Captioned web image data
==================================================

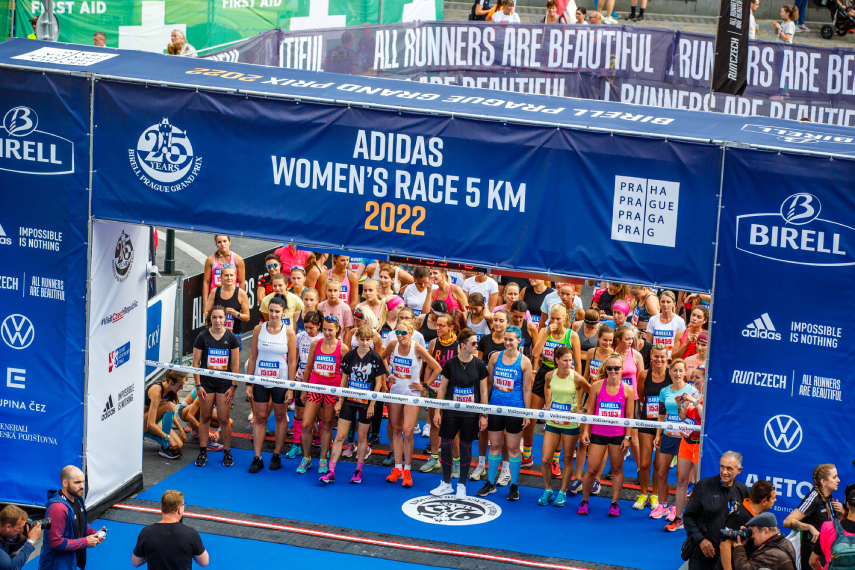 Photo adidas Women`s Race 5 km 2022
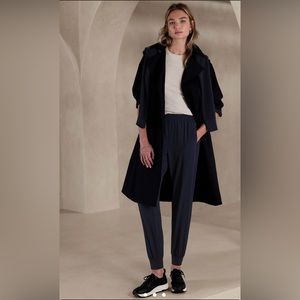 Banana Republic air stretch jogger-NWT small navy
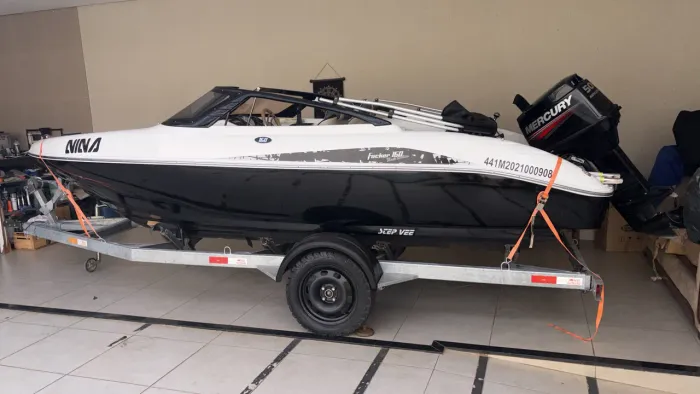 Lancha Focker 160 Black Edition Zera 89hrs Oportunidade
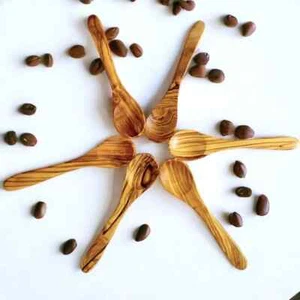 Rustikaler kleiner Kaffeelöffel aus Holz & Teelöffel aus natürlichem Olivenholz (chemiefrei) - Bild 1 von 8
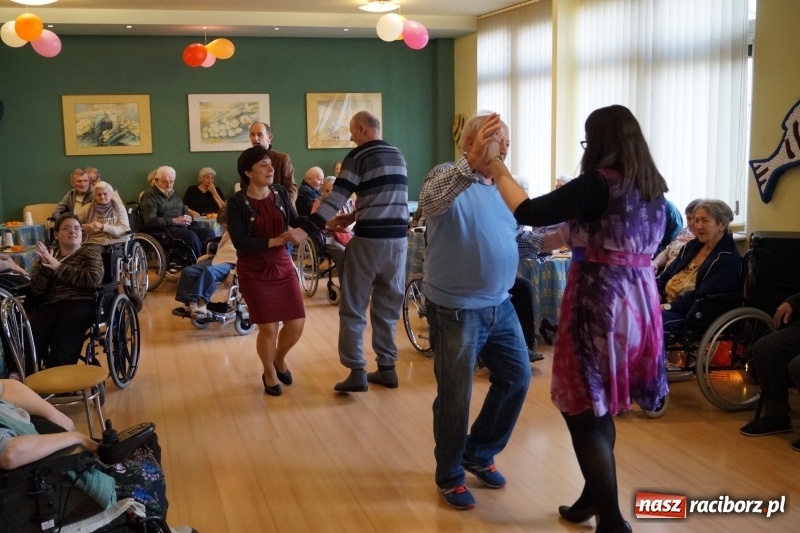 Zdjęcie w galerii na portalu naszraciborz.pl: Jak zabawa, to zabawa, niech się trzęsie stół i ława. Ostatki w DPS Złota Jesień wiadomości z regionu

==================================================

Your reply must contain each entry exactly as written and no pictures.

Written reply:
 Photo adidas Women`s Race 5 km 2022
 Banana Republic air stretch jogger-NWT small navy
 Lancha Focker 160 Black Edition Zera 89hrs Oportunidade
 Rustikaler kleiner Kaffeelöffel aus Holz & Teelöffel aus natürlichem Olivenholz (chemiefrei) - Bild 1 von 8
 Zdjęcie w galerii na portalu naszraciborz.pl: Jak zabawa, to zabawa, niech się trzęsie stół i ława. Ostatki w DPS Złota Jesień wiadomości z regionu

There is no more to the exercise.